◆ What to do ◆
The pictures stay out. Please retype every line below exactly.

◆ Data excerpt ◆

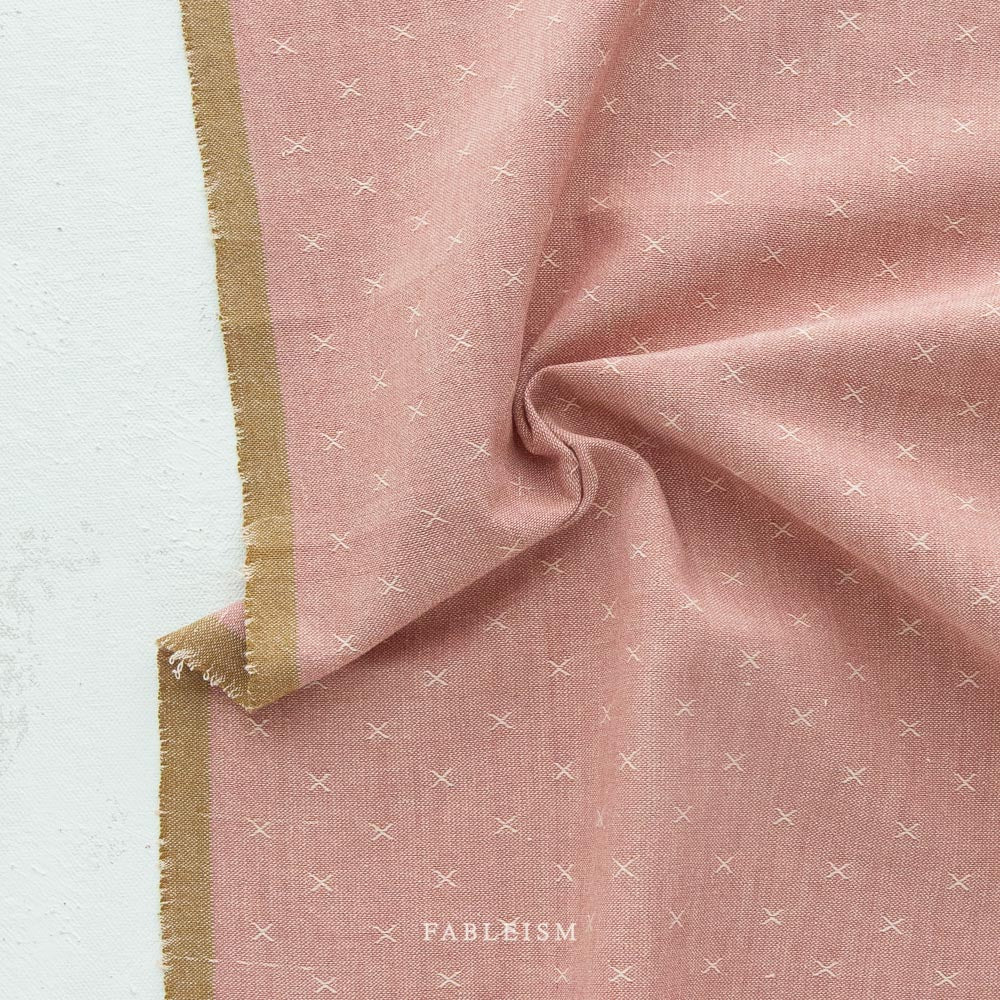 Wild Rose | Sprout Wovens by Fableism | 100% Cotton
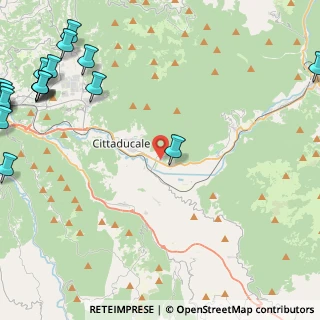 Mappa Via Tito, 02015 Cittaducale RI, Italia (8.0025)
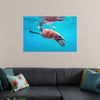 "Underwater Animals – Swimming Turtle 9", Victor Hawk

◆ Answer below ◆
 Wild Rose | Sprout Wovens by Fableism | 100% Cotton
 Mappa Via Tito, 02015 Cittaducale RI, Italia (8.0025)
 "Underwater Animals – Swimming Turtle 9", Victor Hawk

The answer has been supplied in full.